Gündem
Öcalan dayatması süreci baltalıyor
Cumhur İttifakı’nın attığı cesur adımlarla başlatılan “Terörsüz Türkiye” süreci, CHP kafalı istemezükçüler tarafından baltalanıyor. DEM, terör örgütü elebaşı Abdullah Öcalan’a “umut hakkı” provokasyonu ile, CHP ve yandaşları ise ‘Öcalan’ı serbest bırakacaklar’ iddialarını yayarak, Terörsüz Türkiye sürecini engellemeye çalışıyor.
SABOTE EDİCİ YAKLAŞIMLAR
Akit’e konuşan eski HDP Grup Başkanvekili Ayhan Bilgen bakın neler söylüyor: “Ortadoğu’daki gelişmeleri ve Türkiye’nin bu sürece dair çabasını, çalışmasını sadece Öcalan’ın kişisel yaşam standartları üzerine odaklayarak tartışmak, konuyu basitleştirmektir. Esas olan Öcalan’ın silahsızlanma ve toplumsal barışı güçlendirme sürecine katkı sunmasının imkânlarının, koşullarının kolaylaştırılmasıdır. Hem örgüt üzerinde hem de kendisine değer atfeden kitle üzerinde sözünü, mesajını güçlendirecek imkânların oluşması meselesidir. Bunun dışında bir zemine tartışmayı taşımak, hem Türkiye gerçekliğiyle örtüşmez hem de konunun ciddiyetiyle bağdaşmaz. Burada iki taraflı bir yanlış yapılıyor. Özellikle Öcalan’ı savunuyor gibi gözüken, özgürlüğü üzerine söylem kuranlar, aslında tam da bu sürece karşı olanlara malzeme veriyorlar, argüman üretiyorlar. Çünkü Türkiye’nin geçmişten gelen acıları var. Bu acıları depreştirecek, tahrik edecek yaklaşımlardan kaçınmak, gerçekçi hareket etmek ve hassasiyetleri bilerek talepleri dillendirmek lazım. Öcalan’a da Kürtlere de zarar verecek bir iş yaptıklarını düşünüyorum. Bu konuda herkesin daha dikkatli olması gerekir. Süreçte bir ilerleme var ama her türlü sabote edici yaklaşımdan dikkatle kaçınmak lazım. Onun için herkes sadece kendi tabanını düşünerek yaklaşmamalı. Bu işin hani Anadolu’daki tabirle; niyeti üzüm yemek olmalı. Yoksa bağcıyı dövmeye odaklı yaklaşımlarla ilerleme kat edilmez.”
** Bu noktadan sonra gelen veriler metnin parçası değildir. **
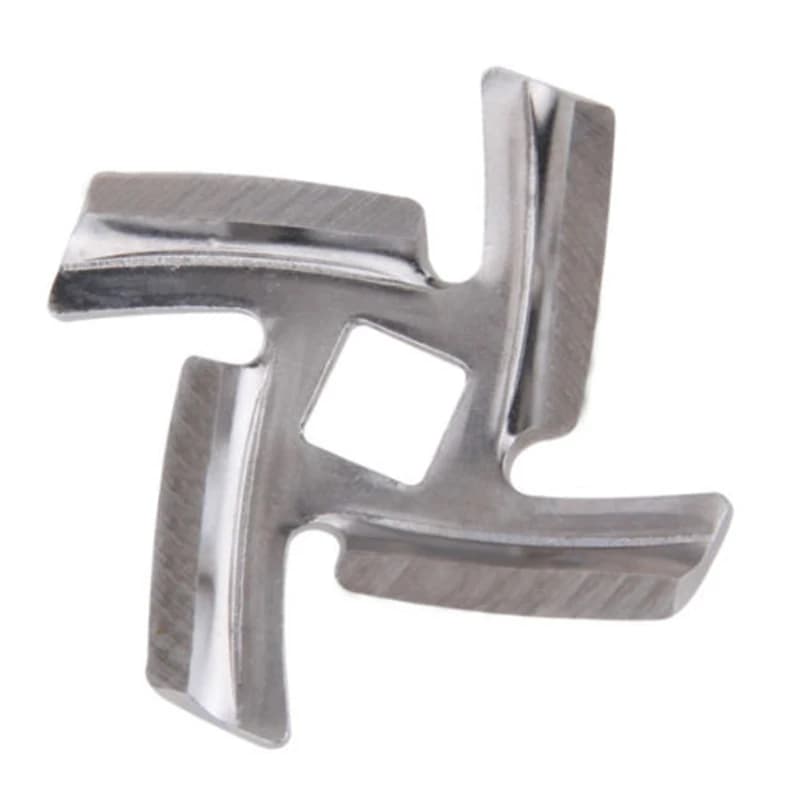 Lame de hachoir à viande en acier inoxydable, trou intérieur de 8mm, pièces de hachoir à viande pour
‘Kardeşlik, Dayanışma Yasası’
Araştırmacı Yazar İsmail Nacar da şunları dile getirdi: “Bilindiği gibi partilerin ‘Terörsüz Türkiye’ sürecine ilişkin ayrı ayrı hazırladıkları raporlarında, Abdullah Öcalan için bir umut hakkı ifadesi yer almıyor. Öcalan da bundan rahatsız olmamıştır. Aksine kendisini önceleyen böyle bir ifade onu rahatsız ederdi. Umarım bu süreç kısa zamanda bir kardeşlik hukuku çerçevesinde sonlandırılır ve mimarlarını mahcup etmez. Bu süreci gölgeleyecek ikinci bir konu ise anlamsız kavram kargaşasıdır. Örneğin, Adalet Bakanı yasaların barış yasası ya da geçiş yasası olamayacağını söylüyor. Bu tartışmanın bir ihtilafa dönüşmemesi için benim bir önerim var; Milli Dayanışma, Kardeşlik ve Demokrasi Komisyonu’nu da hatırlatacak olan bu yasal düzenlemenin adı ‘Kardeşlik ve Dayanışma Yasası’ olabilir.”